# WORK TO BE COMPLETED
Pictures are to be left out; otherwise, copy exactly the lines from the line containing "KAUFLY Clothes Rack, 360°" through the end of the data.

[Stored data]
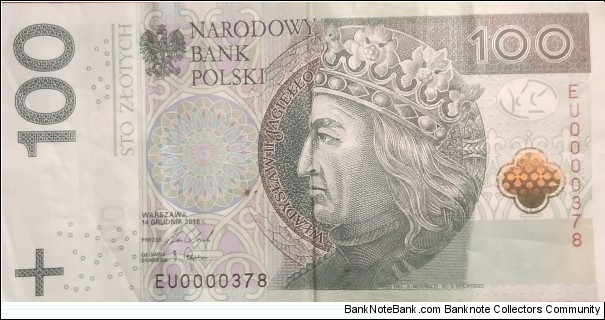 Poland 100 Złotych.
EU0000378 Banknote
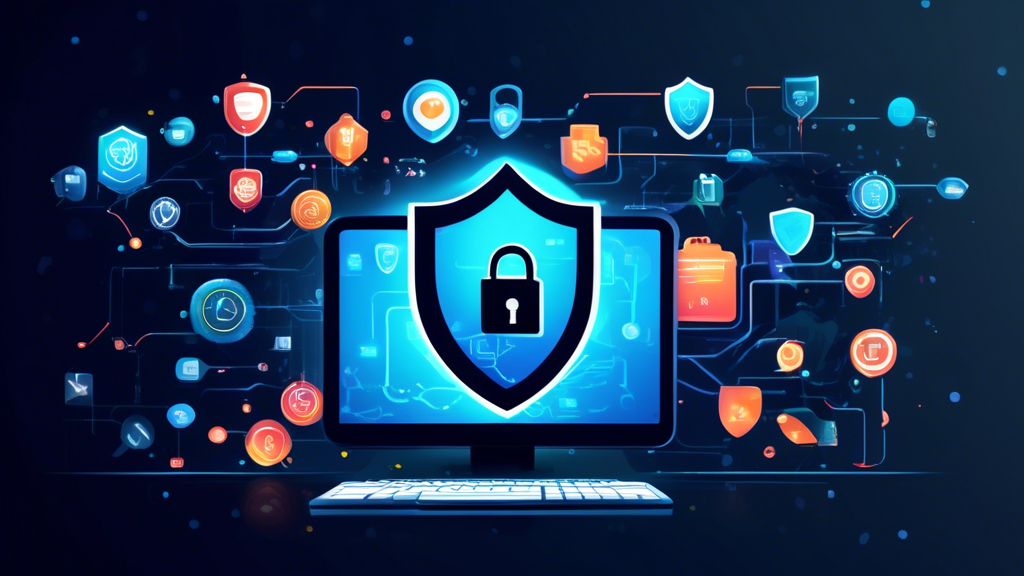 Create an image depicting a digital shield with a lock protecting a user's online activities. The computer screen shows various elements like browsers, email, and banking icons. The background should blend cyber elements such as binary code to signify encryption, and VPN connection nodes across a global map. The overall style should be modern and sleek, illustrating the concept of choosing the best VPN for online privacy.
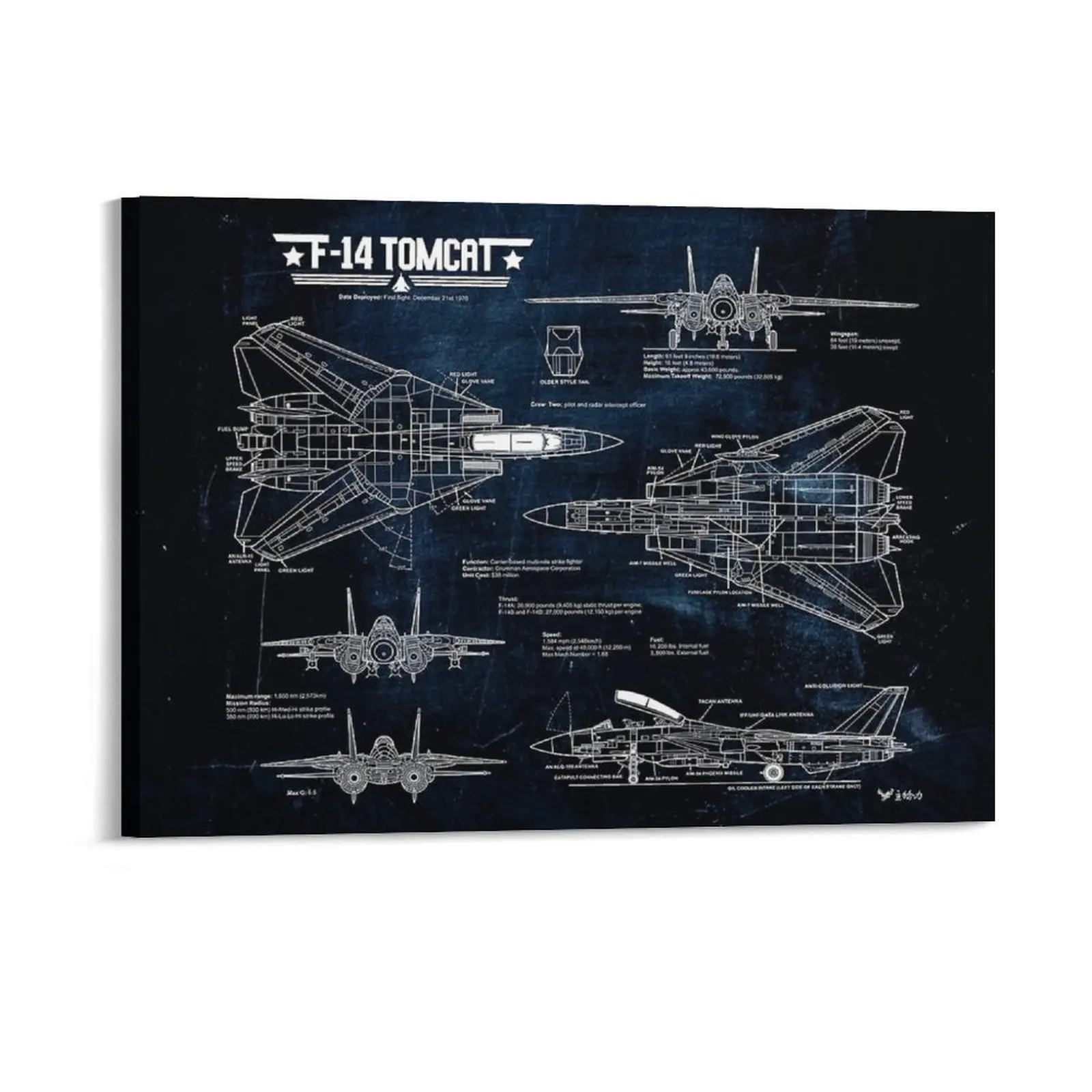 YF-23 Mig 29 Blueprint F-35 Lightning II Canvas Painting Wall Decor Party Wall Decor Custom Garage Framed Wall Paintings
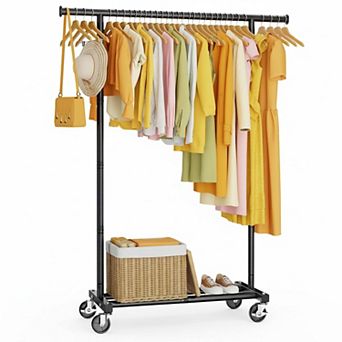 KAUFLY Clothes Rack, 360° Wheels, 180lb Capacity, Portable for Bed/Laundry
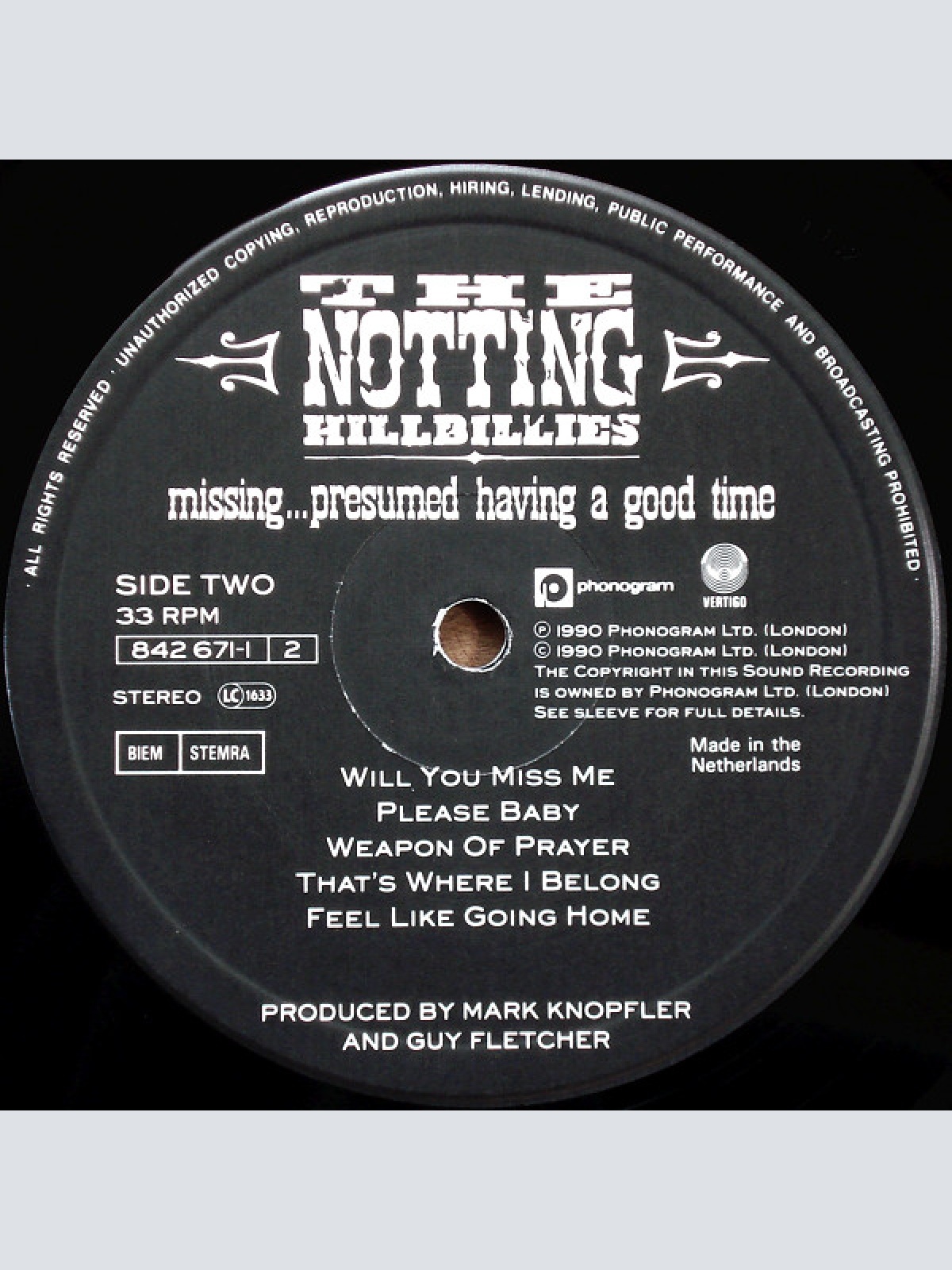 Vinyl / The Notting Hillbillies - Missing...Presumed Having A Good Time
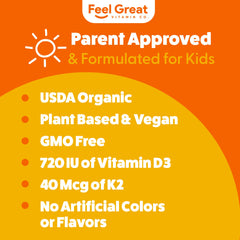 Feel Great botella junto a una mano adulta, compara tamaño y duración estimada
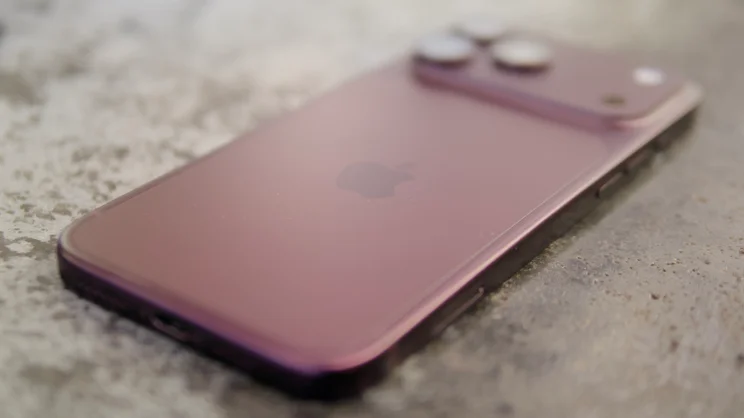 Apple iPhone 18 Pro Max shot from the corner on a concrete worktop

# EXERCISE RESPONSE
 KAUFLY Clothes Rack, 360° Wheels, 180lb Capacity, Portable for Bed/Laundry
 Vinyl / The Notting Hillbillies - Missing...Presumed Having A Good Time
 Feel Great botella junto a una mano adulta, compara tamaño y duración estimada
 Apple iPhone 18 Pro Max shot from the corner on a concrete worktop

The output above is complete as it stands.